→ **WHAT YOU NEED TO DO**
Reproduce word for word, from the entries below, the line with "Halo Weave Bedsheet", the line with "thumbnail image 2", and every line between them, and nothing more.

→ **TASK INPUT**
- Opening Delimiter -
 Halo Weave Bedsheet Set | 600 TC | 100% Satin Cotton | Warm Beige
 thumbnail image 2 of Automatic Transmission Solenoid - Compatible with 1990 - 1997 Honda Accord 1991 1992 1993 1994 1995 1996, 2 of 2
- Closing Delimiter -
- Opening Delimiter -
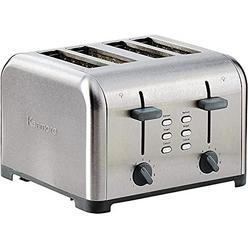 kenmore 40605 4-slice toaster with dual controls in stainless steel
- Closing Delimiter -
- Opening Delimiter -
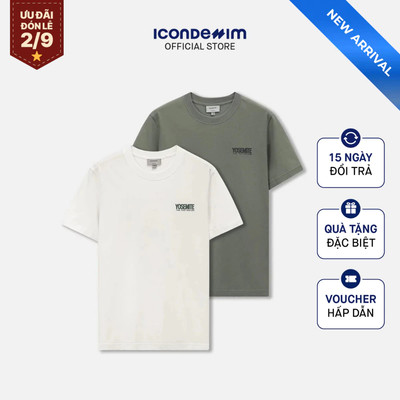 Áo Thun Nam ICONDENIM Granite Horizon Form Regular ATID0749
- Closing Delimiter -
→ **EXPECTED ANSWER**
 Halo Weave Bedsheet Set | 600 TC | 100% Satin Cotton | Warm Beige
 thumbnail image 2 of Automatic Transmission Solenoid - Compatible with 1990 - 1997 Honda Accord 1991 1992 1993 1994 1995 1996, 2 of 2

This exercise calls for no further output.